(Records from a collection)
# # #

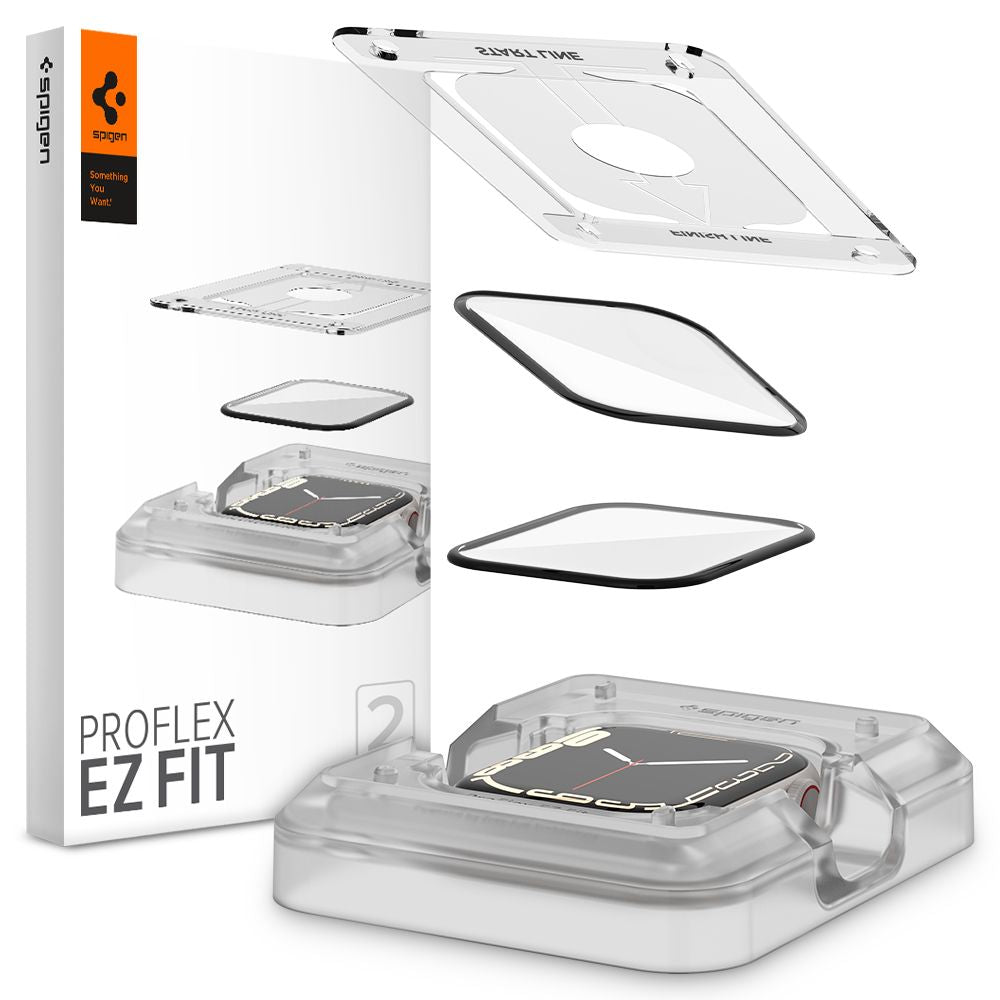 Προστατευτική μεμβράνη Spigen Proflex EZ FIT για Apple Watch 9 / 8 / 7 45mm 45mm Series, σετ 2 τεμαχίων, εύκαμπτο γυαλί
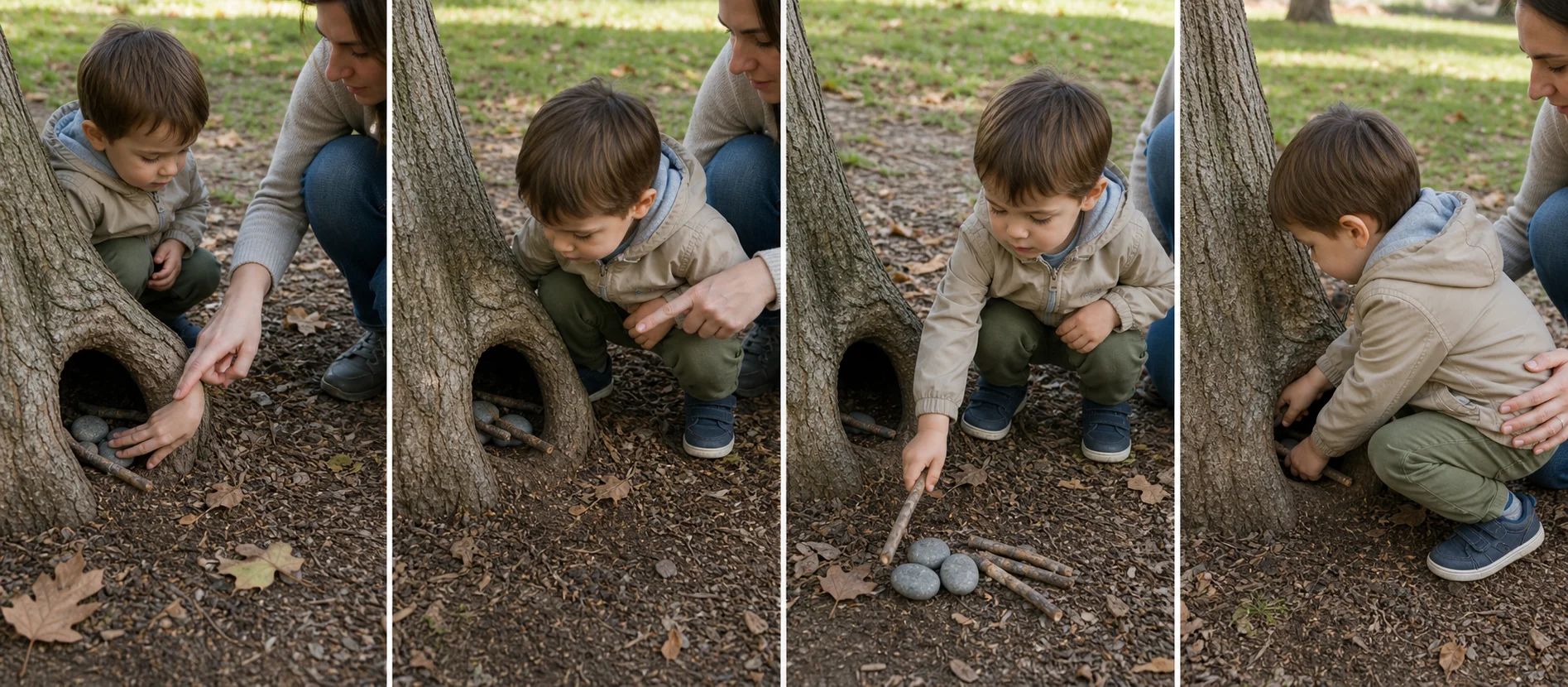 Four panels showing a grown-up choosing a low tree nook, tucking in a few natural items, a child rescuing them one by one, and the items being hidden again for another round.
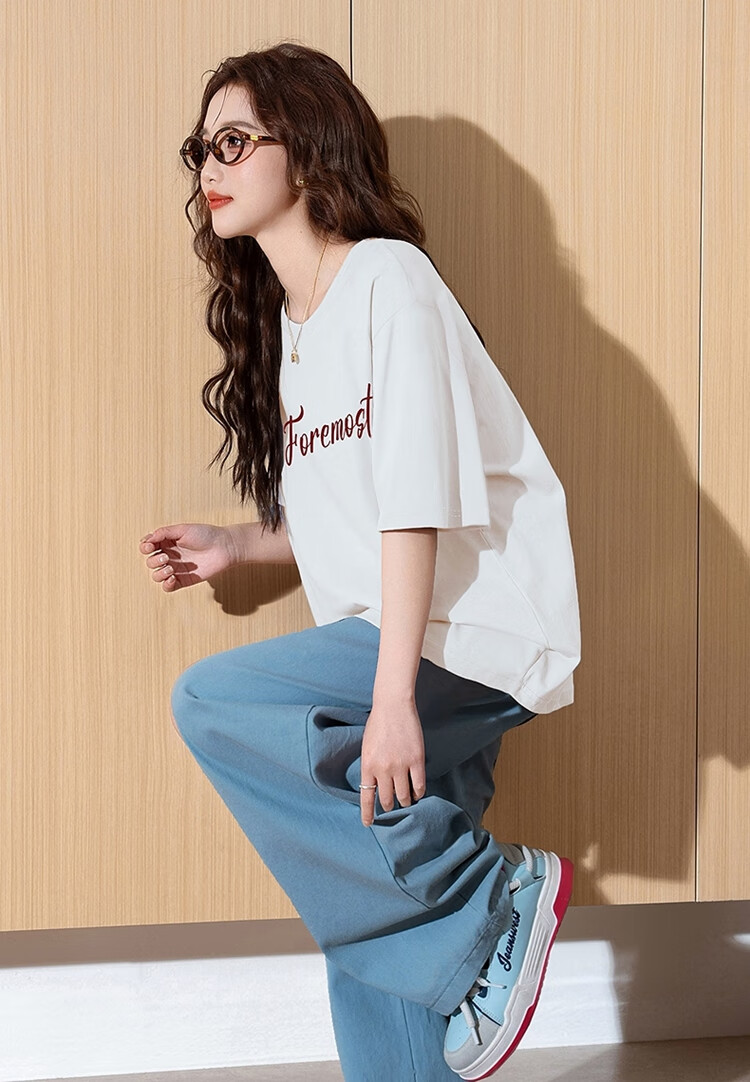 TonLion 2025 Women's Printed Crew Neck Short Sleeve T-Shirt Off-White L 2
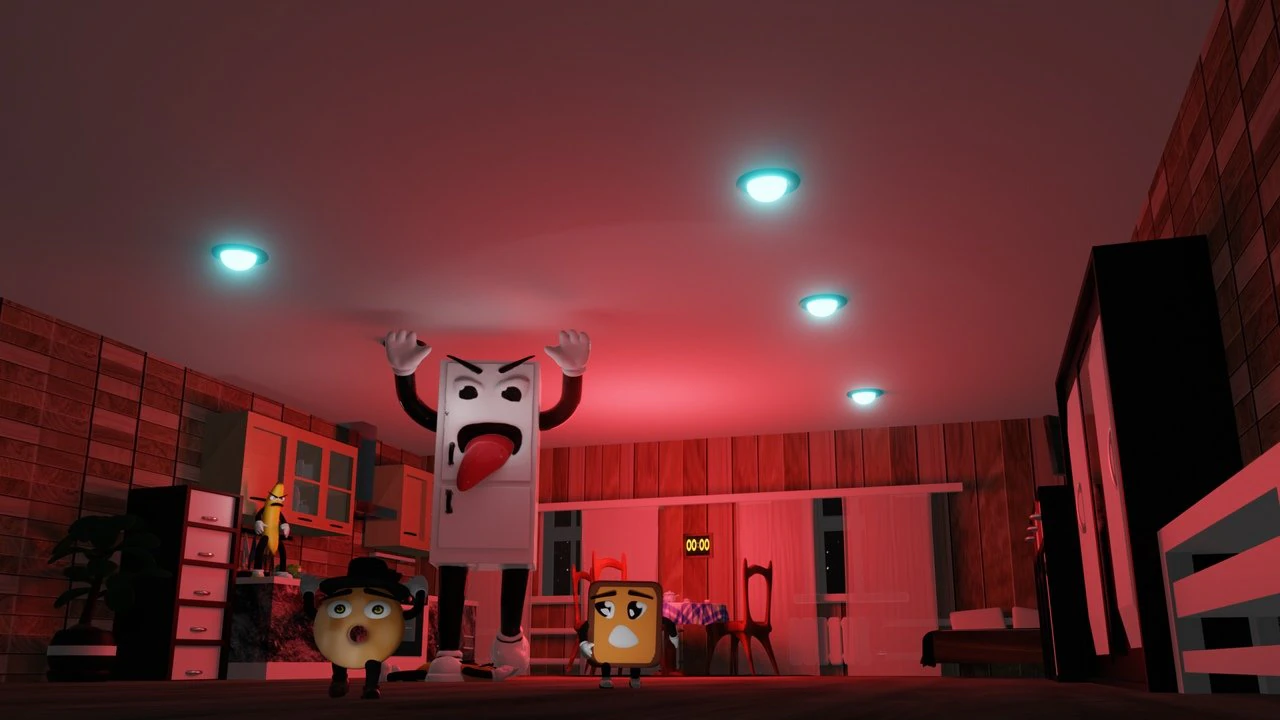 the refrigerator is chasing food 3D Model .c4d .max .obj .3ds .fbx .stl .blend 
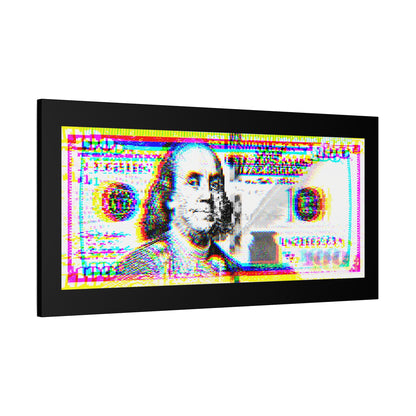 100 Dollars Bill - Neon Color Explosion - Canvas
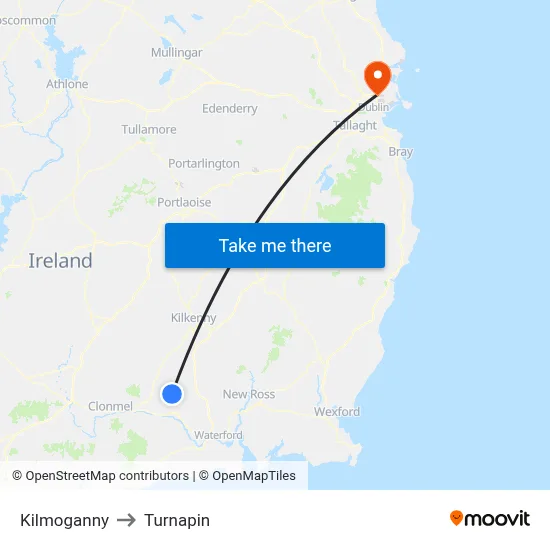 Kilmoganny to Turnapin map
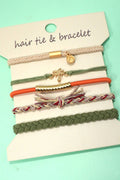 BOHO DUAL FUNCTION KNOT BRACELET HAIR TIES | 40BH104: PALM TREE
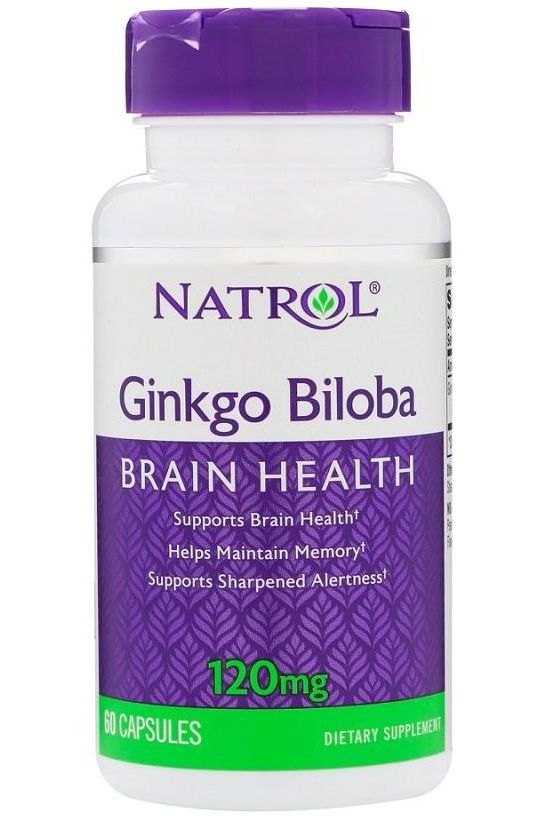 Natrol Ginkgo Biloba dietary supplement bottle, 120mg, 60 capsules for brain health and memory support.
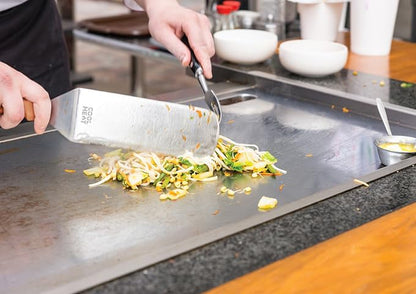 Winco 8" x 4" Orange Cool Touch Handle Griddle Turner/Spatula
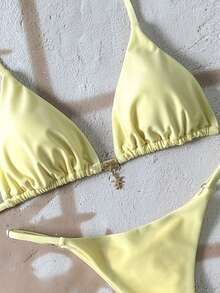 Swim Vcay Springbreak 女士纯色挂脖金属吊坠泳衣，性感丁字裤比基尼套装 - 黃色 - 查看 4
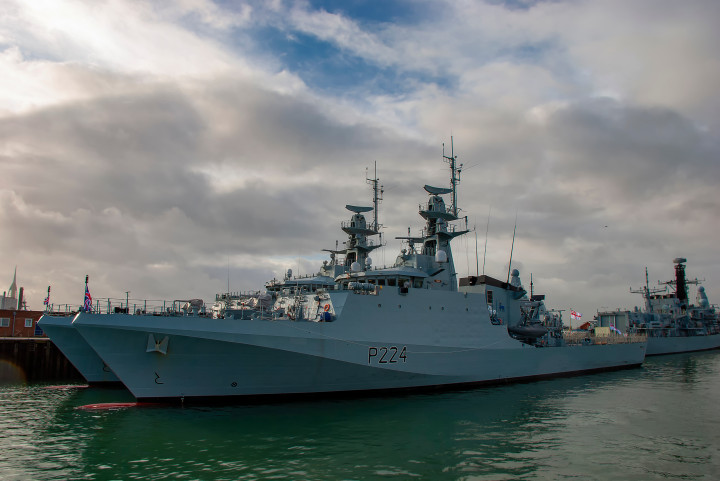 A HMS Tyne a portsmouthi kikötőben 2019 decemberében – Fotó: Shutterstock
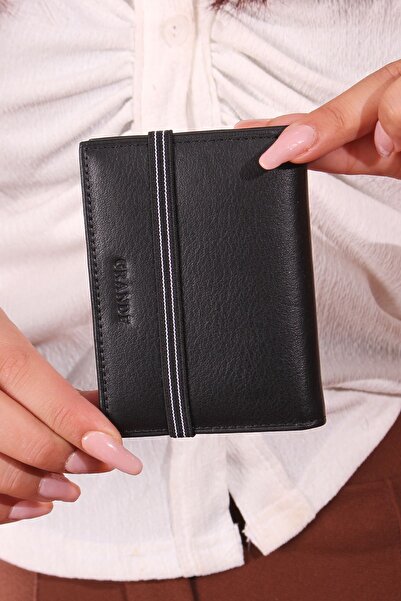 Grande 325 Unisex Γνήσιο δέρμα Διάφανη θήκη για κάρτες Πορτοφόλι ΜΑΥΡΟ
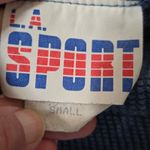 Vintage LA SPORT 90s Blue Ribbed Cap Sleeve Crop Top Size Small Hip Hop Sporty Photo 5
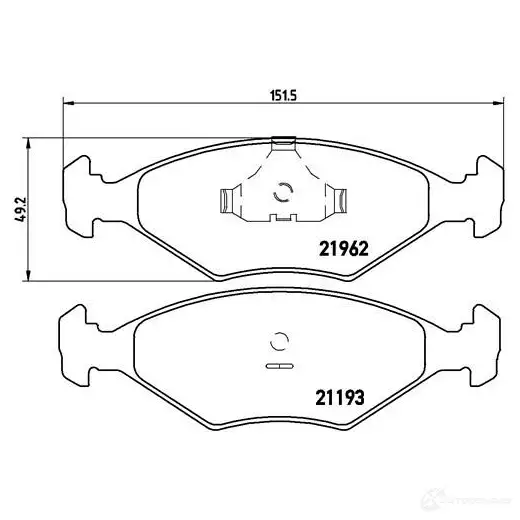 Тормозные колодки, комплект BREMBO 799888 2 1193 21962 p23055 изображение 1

# # #

• Work task:
What is needed is a word-for-word copy of the data, minus its pictures.

• Solution:
 Προστατευτική μεμβράνη Spigen Proflex EZ FIT για Apple Watch 9 / 8 / 7 45mm 45mm Series, σετ 2 τεμαχίων, εύκαμπτο γυαλί
 Four panels showing a grown-up choosing a low tree nook, tucking in a few natural items, a child rescuing them one by one, and the items being hidden again for another round.
 TonLion 2025 Women's Printed Crew Neck Short Sleeve T-Shirt Off-White L 2
 the refrigerator is chasing food 3D Model .c4d .max .obj .3ds .fbx .stl .blend 
 100 Dollars Bill - Neon Color Explosion - Canvas
 Kilmoganny to Turnapin map
 BOHO DUAL FUNCTION KNOT BRACELET HAIR TIES | 40BH104: PALM TREE
 Natrol Ginkgo Biloba dietary supplement bottle, 120mg, 60 capsules for brain health and memory support.
 Winco 8" x 4" Orange Cool Touch Handle Griddle Turner/Spatula
 Swim Vcay Springbreak 女士纯色挂脖金属吊坠泳衣，性感丁字裤比基尼套装 - 黃色 - 查看 4
 A HMS Tyne a portsmouthi kikötőben 2019 decemberében – Fotó: Shutterstock
 Grande 325 Unisex Γνήσιο δέρμα Διάφανη θήκη για κάρτες Πορτοφόλι ΜΑΥΡΟ
 Vintage LA SPORT 90s Blue Ribbed Cap Sleeve Crop Top Size Small Hip Hop Sporty Photo 5
 Тормозные колодки, комплект BREMBO 799888 2 1193 21962 p23055 изображение 1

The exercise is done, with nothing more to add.